Sous le nom d’emprunt Anna de Rothschild, Inna Yashchyshyn est parvenue à rencontrer Donald Trump et le sénateur républicain Lindsey Graham au complexe Mar-a-Lago, en Floride, en 2021.

« Elle ne faisait pas juste mentionner le nom de famille. Elle parlait des vignobles et des domaines familiaux et de son enfance à Monaco », a raconté John LeFevre, un ancien banquier d’affaires qui l’a croisée au club, dans une entrevue avec un journaliste américain membre du consortium.

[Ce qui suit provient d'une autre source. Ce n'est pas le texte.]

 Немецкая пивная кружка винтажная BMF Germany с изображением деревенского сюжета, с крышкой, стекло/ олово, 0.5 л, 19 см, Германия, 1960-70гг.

Dans une déclaration sous serment déposée au palais de justice de Montréal, Mme Yashchyshyn affirme qu’elle était totalement sous la coupe de Valeriy Tarasenko, à cette époque. Elle affirme que ce dernier l’a d’abord embauchée pour s’occuper de sa fille mineure, mais qu’il en est venu à la contrôler agressivement pour en faire « littéralement un otage ».

La famille Tarasenko rejette ces affirmations et affirme que Mme Yashchyshyn a maltraité leur fille. Valeriy Tarasenko, originaire de Moscou, a accusé son ancienne gardienne d’enfants d’avoir elle-même commis des fraudes de sa propre initiative.

Coups de feu

Vendredi, la Sûreté du Québec a été contactée vers 12 h 45 pour une « agression armée » sur le chemin Fridolin-Simard, dans les Laurentides. Des coups de feu ont été entendus dans le stationnement de l’Estérel Resort.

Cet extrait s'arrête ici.